A new part of the puzzle

Nov 26, 2007 07:49 GMT  ·  By

Life on Earth is fueled by the 'relationship' between plants and sunlight. A new research made on Arabidopsis, a common model plant employed in researches and published in Nature "has significantly advanced our understanding of how plant responses to light are regulated, and perhaps even how such responses evolved," said Michael Mishkind, a program director at the National Science Foundation (NSF).

The plants seem to prepare themselves to respond to light while still in the dark, by synthesizing a couple of closely related proteins (FHY3 and FAR1) that boost the synthesis of other two closely related proteins (FHY1 and FHL), essential factors involved in the plant's reaction to light.

"The plant probably stockpiles these proteins needed for light responses in the dark for the same reason that a traveler fills his car's gas tank the night before a morning journey: in order to be able to get going, without delay, at first light." said co-author Haiyang Wang, a member of the research team from Boyce Thompson Institute for Plant Research.

The plant reacts to light first through light-sensing pigment proteins named phytochrome A, found in the cytoplasm cell and reacting to red light.
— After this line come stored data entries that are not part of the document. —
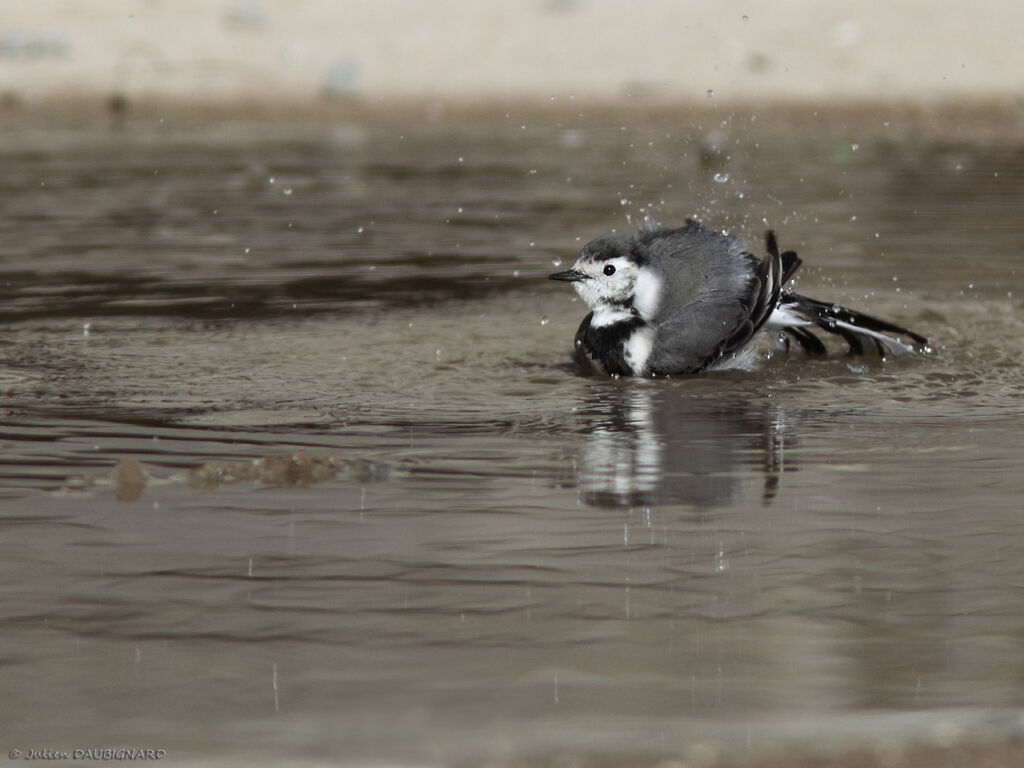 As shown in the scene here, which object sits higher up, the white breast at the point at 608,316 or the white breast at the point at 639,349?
the white breast at the point at 608,316

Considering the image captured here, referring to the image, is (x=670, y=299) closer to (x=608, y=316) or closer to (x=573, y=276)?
(x=608, y=316)

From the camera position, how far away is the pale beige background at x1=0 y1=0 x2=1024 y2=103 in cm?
1852

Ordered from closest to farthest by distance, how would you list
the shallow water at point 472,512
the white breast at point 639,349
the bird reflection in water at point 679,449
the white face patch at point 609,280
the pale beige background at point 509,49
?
1. the shallow water at point 472,512
2. the bird reflection in water at point 679,449
3. the white breast at point 639,349
4. the white face patch at point 609,280
5. the pale beige background at point 509,49

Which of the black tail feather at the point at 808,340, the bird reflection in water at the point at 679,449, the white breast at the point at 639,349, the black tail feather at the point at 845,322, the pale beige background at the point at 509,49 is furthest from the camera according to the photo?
the pale beige background at the point at 509,49

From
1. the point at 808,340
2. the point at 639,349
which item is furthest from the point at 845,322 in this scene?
the point at 639,349

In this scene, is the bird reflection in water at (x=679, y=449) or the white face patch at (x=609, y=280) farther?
the white face patch at (x=609, y=280)

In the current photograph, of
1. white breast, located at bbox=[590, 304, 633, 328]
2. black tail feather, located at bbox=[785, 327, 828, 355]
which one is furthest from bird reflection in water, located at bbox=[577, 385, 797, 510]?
black tail feather, located at bbox=[785, 327, 828, 355]

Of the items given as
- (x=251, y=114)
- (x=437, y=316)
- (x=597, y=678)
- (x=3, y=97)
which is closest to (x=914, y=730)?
(x=597, y=678)

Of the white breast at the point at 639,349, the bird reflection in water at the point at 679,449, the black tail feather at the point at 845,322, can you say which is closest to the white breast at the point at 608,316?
A: the white breast at the point at 639,349

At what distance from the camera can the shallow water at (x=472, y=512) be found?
3.57 metres

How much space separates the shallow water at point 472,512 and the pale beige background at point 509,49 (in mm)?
7498

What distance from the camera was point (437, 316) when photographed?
8.64 m

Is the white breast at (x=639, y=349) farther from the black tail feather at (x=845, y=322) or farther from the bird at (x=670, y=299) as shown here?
the black tail feather at (x=845, y=322)

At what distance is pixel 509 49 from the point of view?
1952cm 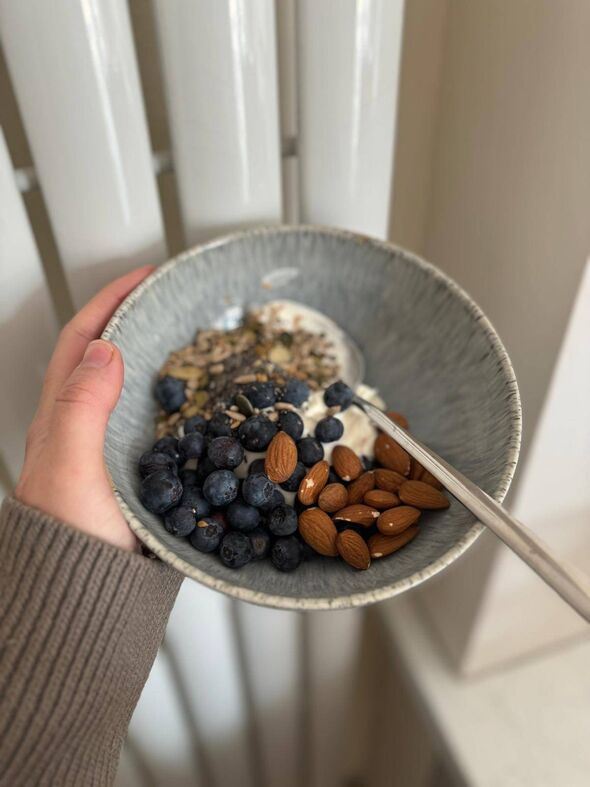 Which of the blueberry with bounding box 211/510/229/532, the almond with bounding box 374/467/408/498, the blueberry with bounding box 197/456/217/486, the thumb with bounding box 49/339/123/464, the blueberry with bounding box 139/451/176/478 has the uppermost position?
the thumb with bounding box 49/339/123/464

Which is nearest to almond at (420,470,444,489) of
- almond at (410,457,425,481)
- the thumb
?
almond at (410,457,425,481)

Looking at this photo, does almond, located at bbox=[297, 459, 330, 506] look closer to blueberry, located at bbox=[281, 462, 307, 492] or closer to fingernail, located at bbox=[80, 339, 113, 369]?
blueberry, located at bbox=[281, 462, 307, 492]

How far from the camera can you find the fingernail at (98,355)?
0.43 metres

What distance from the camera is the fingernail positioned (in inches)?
17.0

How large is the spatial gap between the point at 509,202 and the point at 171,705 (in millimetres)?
682

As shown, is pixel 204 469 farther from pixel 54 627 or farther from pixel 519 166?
pixel 519 166

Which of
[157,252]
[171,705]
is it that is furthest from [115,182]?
Answer: [171,705]

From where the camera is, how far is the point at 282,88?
58 centimetres

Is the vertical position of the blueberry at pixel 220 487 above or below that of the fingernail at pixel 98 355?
below

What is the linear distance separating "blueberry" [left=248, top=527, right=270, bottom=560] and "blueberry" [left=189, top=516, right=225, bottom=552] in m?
0.02

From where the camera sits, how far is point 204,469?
0.46m

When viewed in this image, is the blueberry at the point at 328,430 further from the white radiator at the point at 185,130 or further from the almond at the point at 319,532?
the white radiator at the point at 185,130

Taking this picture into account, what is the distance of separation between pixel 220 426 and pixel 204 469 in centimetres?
3

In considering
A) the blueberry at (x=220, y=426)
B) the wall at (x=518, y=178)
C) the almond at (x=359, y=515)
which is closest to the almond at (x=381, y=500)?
the almond at (x=359, y=515) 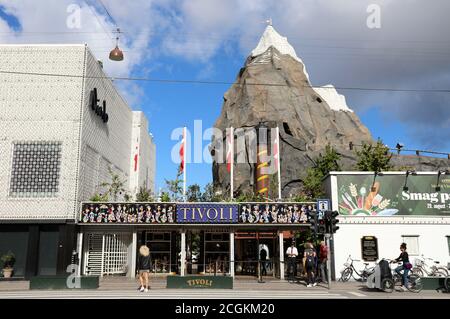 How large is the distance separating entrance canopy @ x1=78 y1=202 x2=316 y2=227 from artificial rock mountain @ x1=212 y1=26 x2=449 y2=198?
30.9 meters

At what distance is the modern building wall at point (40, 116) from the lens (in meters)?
24.3

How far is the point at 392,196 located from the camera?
78.0 feet

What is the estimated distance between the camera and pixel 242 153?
61.2m

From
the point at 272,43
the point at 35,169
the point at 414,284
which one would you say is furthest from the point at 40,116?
the point at 272,43

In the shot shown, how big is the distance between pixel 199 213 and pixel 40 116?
1057cm

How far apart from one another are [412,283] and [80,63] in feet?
67.8

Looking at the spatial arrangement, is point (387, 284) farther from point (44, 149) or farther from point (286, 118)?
point (286, 118)

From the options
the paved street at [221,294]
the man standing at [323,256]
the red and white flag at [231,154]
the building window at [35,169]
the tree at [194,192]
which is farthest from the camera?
the tree at [194,192]

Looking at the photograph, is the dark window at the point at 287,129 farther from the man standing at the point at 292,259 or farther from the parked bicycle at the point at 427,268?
the parked bicycle at the point at 427,268

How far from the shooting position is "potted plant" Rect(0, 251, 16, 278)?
76.7ft

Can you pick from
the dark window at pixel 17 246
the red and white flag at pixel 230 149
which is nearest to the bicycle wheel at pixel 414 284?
the red and white flag at pixel 230 149

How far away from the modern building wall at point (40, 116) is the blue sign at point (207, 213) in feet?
19.7

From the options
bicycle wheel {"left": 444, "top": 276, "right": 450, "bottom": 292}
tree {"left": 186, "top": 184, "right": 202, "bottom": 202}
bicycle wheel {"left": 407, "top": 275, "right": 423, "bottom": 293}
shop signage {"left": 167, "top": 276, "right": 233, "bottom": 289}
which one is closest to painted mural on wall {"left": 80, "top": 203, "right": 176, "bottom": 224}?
shop signage {"left": 167, "top": 276, "right": 233, "bottom": 289} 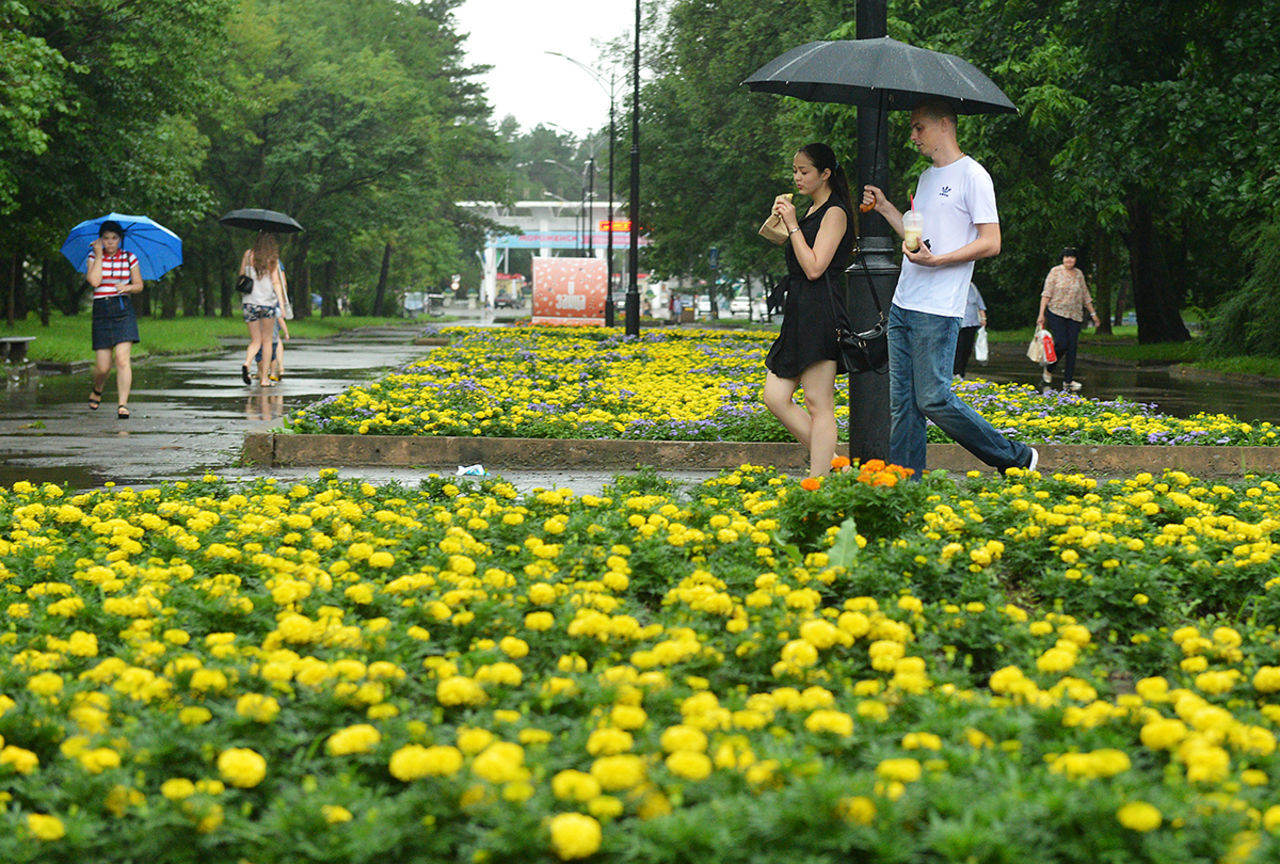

Light changes the shape of phytochrome A, which permits it to attach to FHY1 and FHL, causing a storing of phytochrome A in the cell nucleus. The activated phytochrome A turns on genes from the nuclear DNA involved in plant growth, flowering, straining and development.

This has been already known, but the FHY3 and FAR1 connection to reaction to light is a novelty.

The team also found a negative feedback loop between accumulations of phytochrome A in the cell nucleus and the levels of FHY3 and FAR1 proteins: as more phytochrome A is found in the nucleus, less FHY3 and FAR1 proteins are synthesized, and so less phytochrome A enters the nucleus.

"This feedback loop serves as a built-in brake that limits the flow of light responses," said Wang.

FHY3 and FAR1 proteins resemble some enzymes encoded by mobile DNA stretches named "jumping genes." (which can translate between various locations in a cell's DNA). In fact, FHY3 and FAR1 could have evolved from the jumping gene material.

"If indeed the proteins did so, this important chapter in evolution may have helped make possible the establishment of flowering plants on earth," said Wang.